WAMU Will Sell or Close Its Bluegrass Station

WAMU Will Sell or Close Its Bluegrass Station
Rhonda Vincent & The Rage perform at Bluegrass Country in June.

WAMU will seek a buyer for its music service Bluegrass Country, station General Manager J.J. Yore told staffers Thursday afternoon. If one is not found by the end of December, the service will close.

The public radio station, which is owned by American University and is undergoing deep and existential changes under Yore, who arrived in August 2014. He’s been working on increasing revenue and refocusing the way the station does news, reorganizing its newsroom around pan-regional beats.

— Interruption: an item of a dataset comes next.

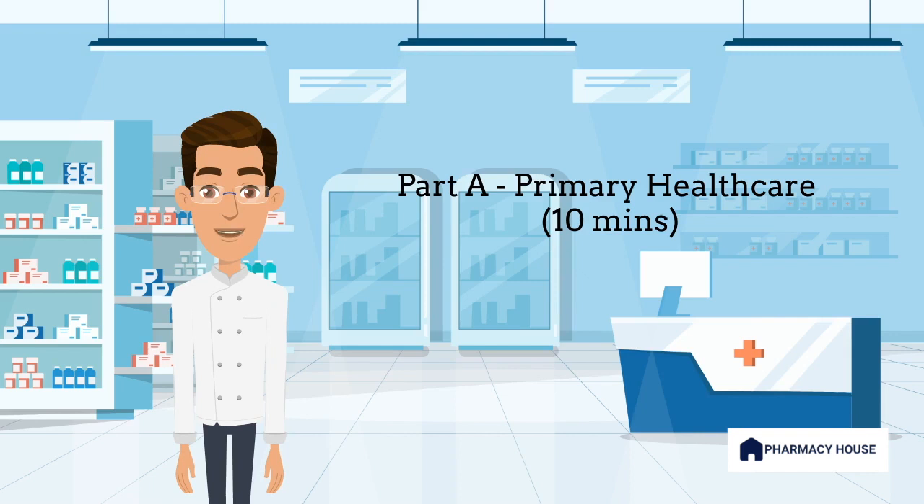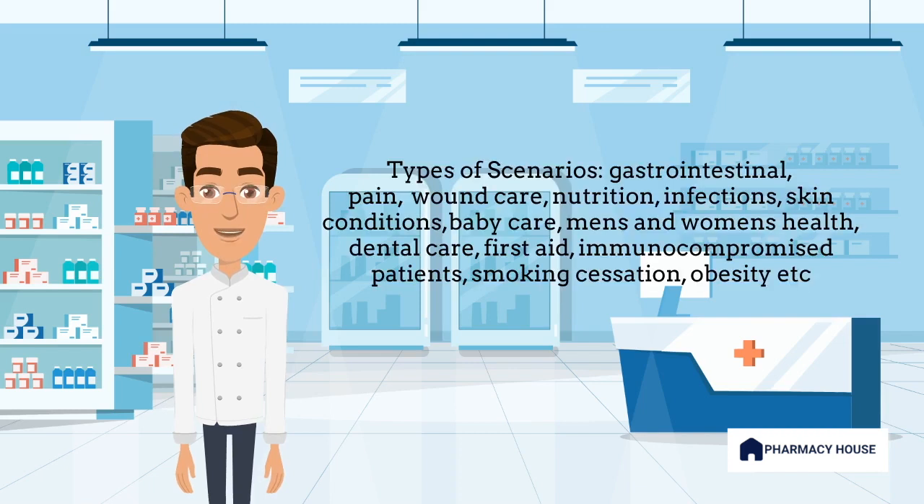Whenever appropriate, candidates should also refer the patients to a general practitioner. During this part, no reference books or materials will be permitted. A good way to ace this section is to know your conditions and the medicines needed to treat them inside and out. Our Pharmacist Patient Scenario Series is perfect for this — don't forget to check it out using the link in the video description below.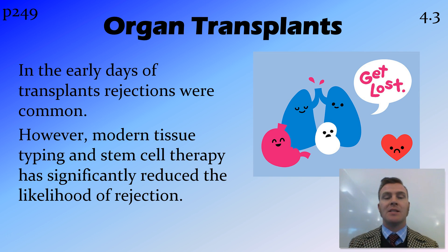Another thing that we're doing now is using stem cell therapy, where we can actually create tissue from your own stem cells, so therefore there's no risk of rejection.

That sort of work often requires input from consultants, and in addition to work from Atlantic Media Strategies, WAMU has hired the nonprofit Public Media Company to analyze the business case for continuing its ownership of Bluegrass Country. The results came in about six weeks ago, says Yore. “In that report, they basically noted the huge demographic changes that have occurred in the Washington market over the past 20 years or so and said, ‘Look, your future is going to be much better on the news and information side than on the country side of operations.’ And they painted a picture that made it clear to us that we had some tough decisions to make.”

Bluegrass Country will post a request for proposals looking for a new owner on its website Thursday afternoon.

Bluegrass Country, which streams digitally and broadcasts on 105.5 FM and some “translators” (stations that rebroadcast its signal), is the only remaining evidence that WAMU was once one of the US’s premiere outlets for bluegrass and country music. The station began playing the music, which draws on “old-time” and “hillbilly” traditions, in 1967.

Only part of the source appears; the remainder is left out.